No entanto, o relator da PEC 3 na CCJ, deputado Nelson Marchezan Junior (PSDB-RS), diz que sentenças ou decisões do Judiciário não seriam alvo da PEC. A proposta, segundo ele, vale apenas para atos internos dos tribunais.
?Se, porventura, esta PEC submetesse uma decisão de natureza estritamente jurisdicional, a exemplo de sentenças, acórdãos ou decisões judiciais, ao crivo e controle do Poder Legislativo, estar-se-ia diante de clara violação ao princípio constitucional da separação dos poderes. Todavia, não é disso que trata a PEC nº 3/2011, a qual versa, exclusivamente, sobre os atos normativos?, diz o parlamentar em seu relatório.
Para o professor de direito Fernando Leal, do Centro de Justiça e Sociedade da Fundação Getúlio Vargas, no Rio, os atos normativos do Judiciário dizem respeito à "estruturação dos tribunais", como os regimentos internos, ou a "regulamentações" que cabem ao Judiciário, como é o caso das regras que o Tribunal Superior Eleitoral (TSE) define para as eleições.

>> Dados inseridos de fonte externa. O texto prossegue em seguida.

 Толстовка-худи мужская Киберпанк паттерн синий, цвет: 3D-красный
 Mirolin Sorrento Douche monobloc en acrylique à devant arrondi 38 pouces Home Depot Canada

"Forçar a aplicação de atos normativos para decisões relacioandas a atos-fim do Supremo [como decisões ou sentenças], vai gerar uma discussão sobre separação dos poderes. A atividade-fim está fora, pelo próprio texto da PEC. Seria difícil forçar essa interpretação", afirmou o professor.
Para o professor Mamede Said, da Faculdade de Direito da Universidade de Brasília (UnB), o texto da PEC 3 não se aplica ao Poder Judiciário. Segundo ele, não há como o Judiciário "exorbitar" do poder de regulamentação porque, por natureza, não tem essa atribuição.

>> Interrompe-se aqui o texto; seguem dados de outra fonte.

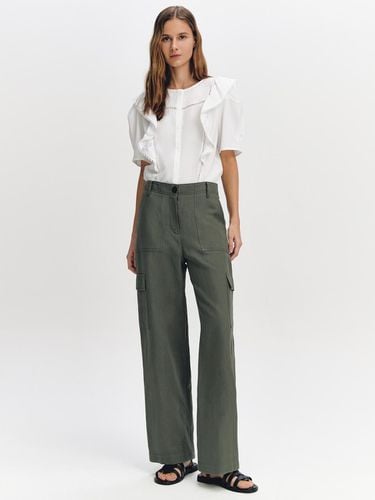 Linen Blended Puttig Cargo Pants - GRAYDATION - Modalova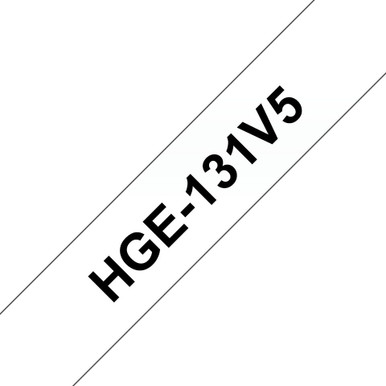 BROTHER HG131V5 BLACK ON CLEAR 5 PACK 12MM HIGH GRADE - Paper & Labels - High-grade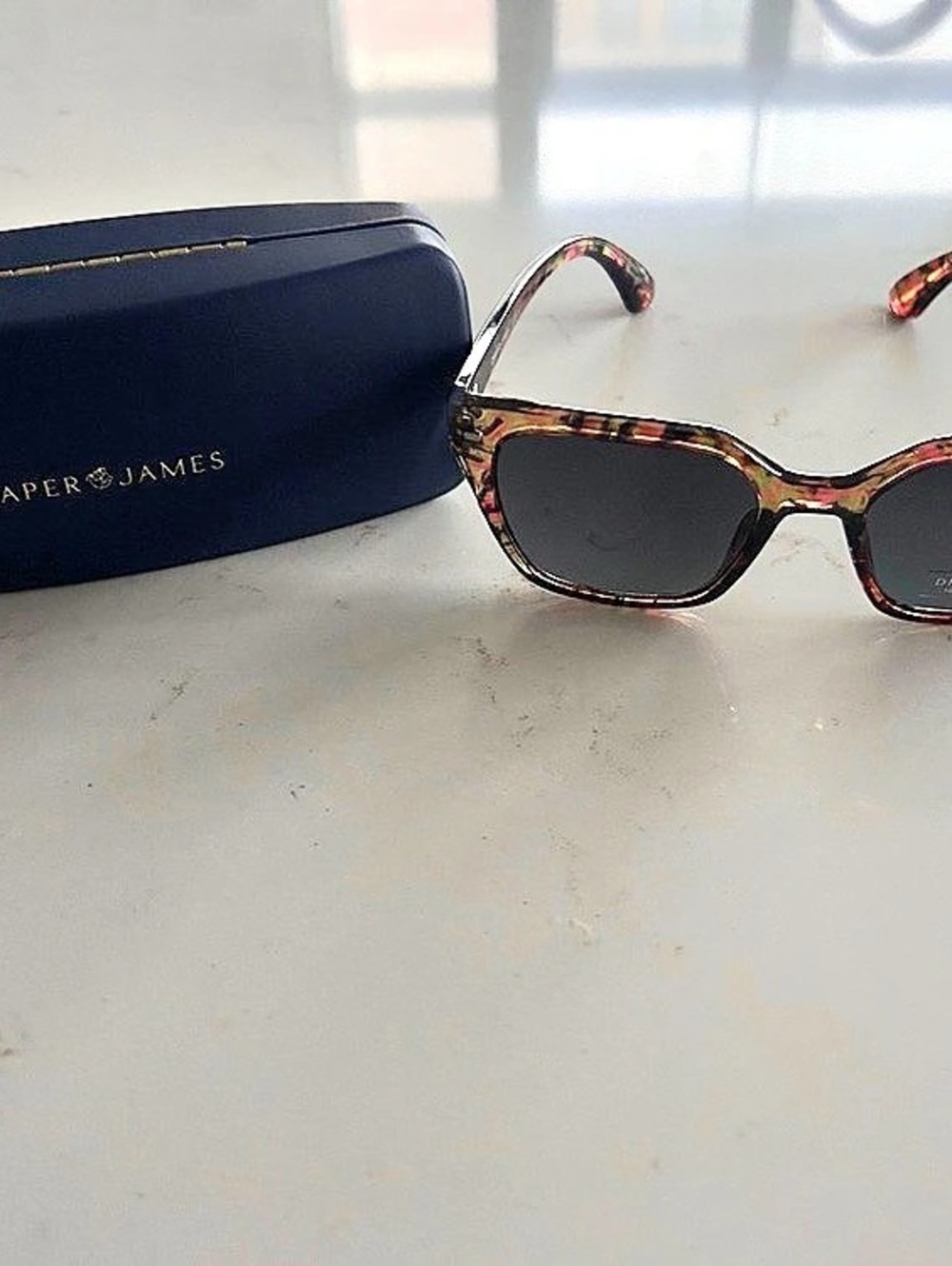 Draper James DJ9021 Blush Floral Sunglasses Floral Frame Glasses in Brown & Pink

De acordo com o professor, os atos normativos são atos de caráter administrativo, internos ao órgão e não dizem respeito à atividade-fim do Judiciário, como emitir decisões, sentenças e acórdãos.
Feliciano
Depois da aprovação da PEC na CCJ em 2011, o deputado Marco Feliciano (PSC-SP) foi ao plenário e disse que PEC representa alternativa para "exorbitâncias" feitas pelo STF. Na mesma semana de abril de 2012, o Supremo havia aprovado a liberação de aborto em caso de fetos anencéfalos.
"A PEC representa uma luz no fim do túnel para todas as exorbitâncias que vêm sendo feitas em nome do Supremo Tribunal Federal, tirando deste Parlamento o direito de representar e votar as coisas relacionadas ao povo brasileiro.Quero agradecer a todos os membros da CCJ, que por unanimidade a aprovaram, e parabenizar mais uma vez o nobre Deputado Nazareno Fonteles e o Relator, que fez um trabalho brilhante", disse Feliciano em discurso.
Outra PEC
O deputado Fonteles tem ainda outra PEC, a 143/2012, que determina mandatos de sete anos para os ministros do Supremo Tribunal Federal sem a possibilidade de recondução. Atualmente, o ministro só deixa a corte quando completa 70 anos e é aposentado compulsoriamente.
O texto dessa PEC também pede que a escolha dos ministros da Corte seja feita "de forma alternada, pelo Presidente da República e pelo Congresso Nacional".
Atualmente, a Constituição prevê que os ministros sejam "nomeados pelo Presidente da República, depois de aprovada a escolha pela maioria absoluta do Senado Federal". A PEC está apensada a outras três e ainda aguarda parecer na CCJ.